Les clients louent aujourd’hui son naturel et cette capacité à gérer seule une trentaine de couverts tout en conservant du temps pour chacun. «Je pense que les clients apprécient que je prenne le temps d’échanger avec eux. Je ne suis pas qu’une porteuse d’assiettes.» Gault&Millau la récompense en 2024 du trophée Jeune Talent en Salle pour la région PACA.
Novice en sommellerie à l’ouverture de La Loge Bertin, Laura Plestin s’est progressivement forgé un palais et une culture du vin aujourd’hui assez solide. «J’ai fait le choix de privilégier les vins de la vallée du Rhône, par goût personnel. Mais cette cave est en perpétuelle évolution.

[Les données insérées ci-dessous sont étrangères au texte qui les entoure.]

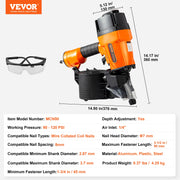 Charger l'image dans la visionneuse de galerie, Amocart Coil Siding Nailer CN65 CN55 CN70 CN83 CN90 Pneumatic Siding Nail Gun Pallet Making Coil Nailer 70-120PSI Air Nailer
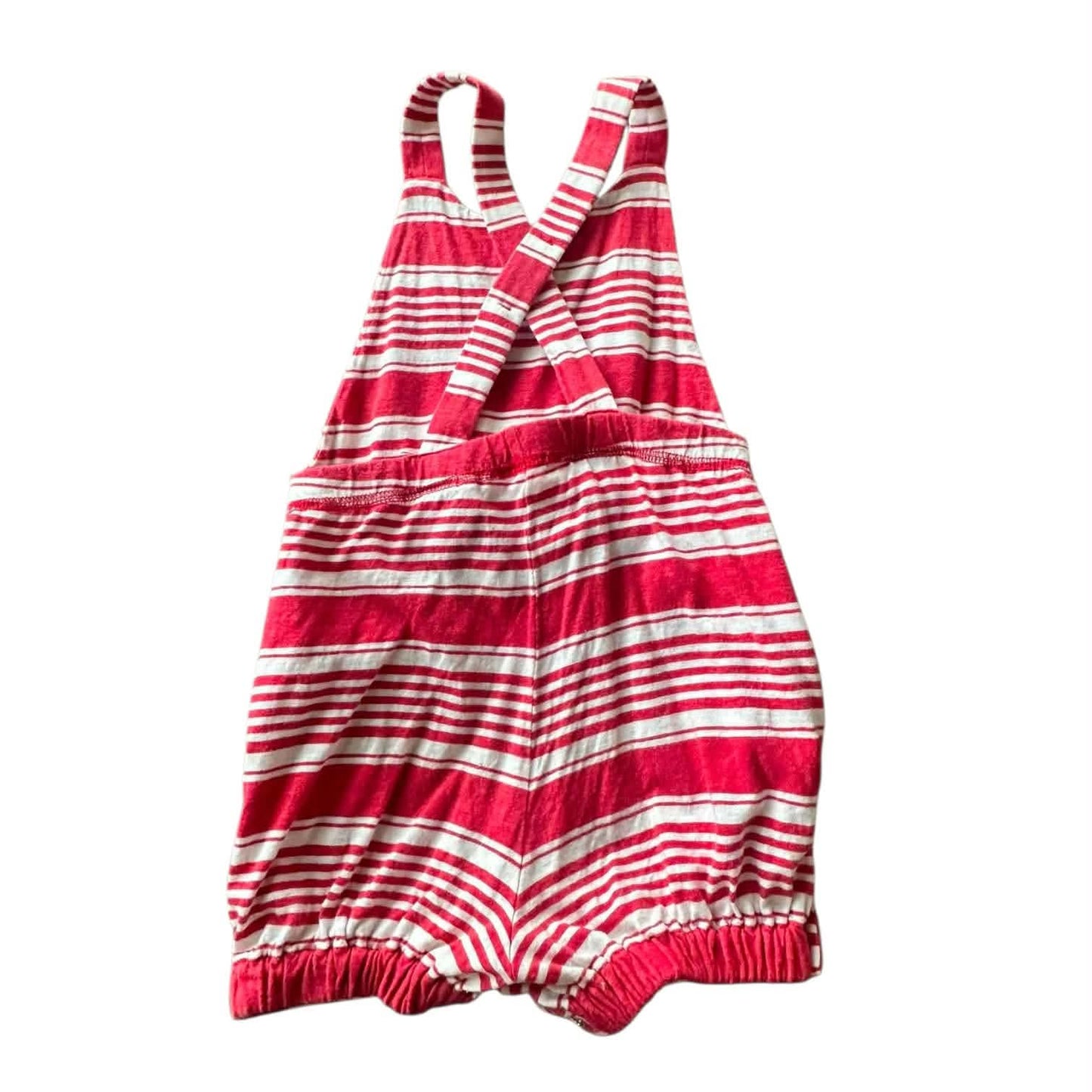 RED & WHITE STRIPED BABY ROMPER WITH ADJUSTABLE STRAPS AND ELASTIC WAIST (18 MONTHS)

Cuisine des prairies et pâturages PACA – Corse – Monaco 2024
Sébastien Saiz, L’Antonelle, Arles
À Cherbourg, dans les années 1970 à 1990, on travaillait soit à la «Coge» (la Cogema, entreprise du secteur nucléaire), soit à l’arsenal, pour construire des sous-marins. Le père de Sébastien Saiz aurait bien aimé que son fils intègre la filière nucléaire, comme lui, en tant qu’ingénieur. «J’ai fait une seconde générale, je suis ensuite entré en première scientifique, mais c’était contraint et forcé.» Il décide de quitter le lycée classique pour rejoindre le lycée hôtelier et y préparer un bac pro. «J’étais enfin dans mon élément.»

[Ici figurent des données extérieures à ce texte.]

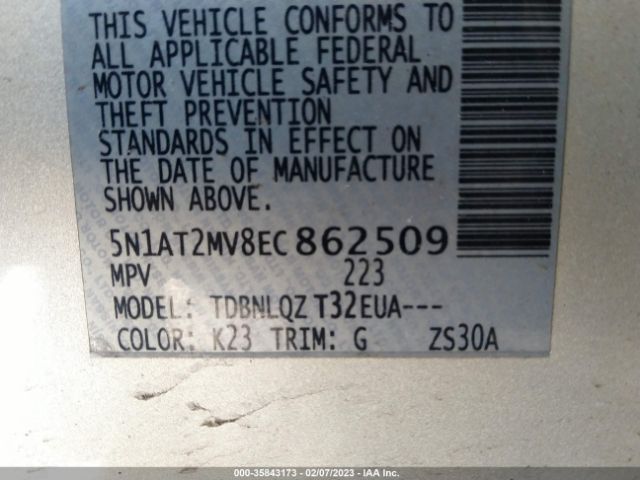 5N1AT2MV8EC862509 Nissan ROGUE SV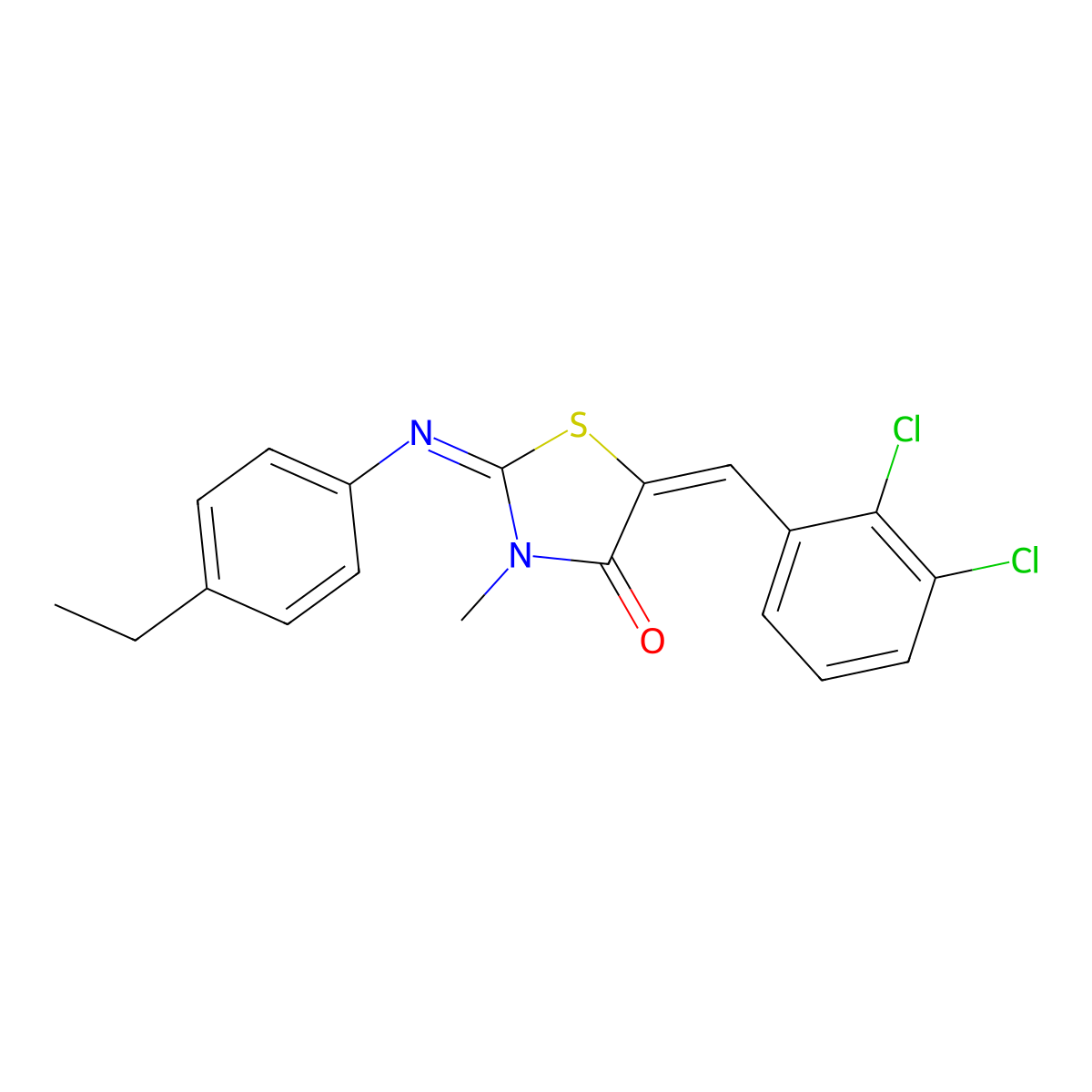 5-[(2,3-Dichlorophenyl)methylidene]-2-(4-ethylphenyl)imino-3-methyl-1,3-thiazolidin-4-one molecular structure, CAS 5539-86-6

Si le futur patron de L’Antonelle se souvient avec émotion de la «timbale de macaroni à la crête de coq qu’on cuisinait dans le premier restaurant où j’ai appris le métier, à Versailles», c’est vraiment auprès d’Armand Arnal, à La Chassagnette, qu’il a le plus appris. «J’avais fait quelques saisons au Belvédère à Porto-Vecchio, puis aux Fermes de Marie à Megève et au Fitz Roy à Val-Thorens, mais c’est en arrivant chez Armand, au cœur de la Camargue, que j’ai vraiment compris toute la dimension du métier. On y travaillait les légumes du jardin, bio et pas parfaits esthétiquement évidemment, c’était enthousiasmant et formateur.»
Le courant passe tellement bien entre les deux cuisiniers que, après avoir fait l’ouverture de Chez Caro, à Arles, pendant quelques saisons, Sébastien Saiz traverse l’Atlantique pour diriger les restaurants d’Armand Arnal à New York puis Toronto. «Une période passionnante, mais je m’éloignais de plus en plus du métier de cuisinier.» Il revient en Provence en 2018 pour faire l’ouverture de l’hôtel L’Arlatan, à Arles, toujours aux côtés d’Armand Arnal, avant d’ouvrir L’Antonelle en 2019.
Dans ce petit bistrot, celui qui ne travaillera finalement jamais dans le nucléaire s’épanouit désormais en proposant une cuisine de saison à la fois vivante et gourmande. «Poissons et légumes tiennent une place importante dans ma cuisine, mais j’adore travailler la viande. D’ailleurs, l’os à moelle et la côte de bœuf ne quittent jamais ma carte.» Preuve de sa maîtrise, Gault&Millau lui remet en 2024 le trophée Cuisine des Prairies et des Pâturages pour la région PACA.
Éloquence PACA – Corse – Monaco 2024
Marlyne Labbé, Le Mas Bottero, Saint-Cannat
Après avoir obtenu son diplôme en communication à l’IUT Bordeaux Montaigne, Marlyne se forme en alternance, pendant deux ans, en tant qu’apprentie sommelière au Tutiac, Le Bistro Vignerons. Passionnée par le domaine du vin et de la gastronomie, elle suit des cours au CAFA Wine School en parallèle et rédige des piges pour le média Mlle Boit du rouge. Depuis octobre 2023, elle occupe le poste de Chef de rang sommelière au Mas Bottero à Saint-Cannat.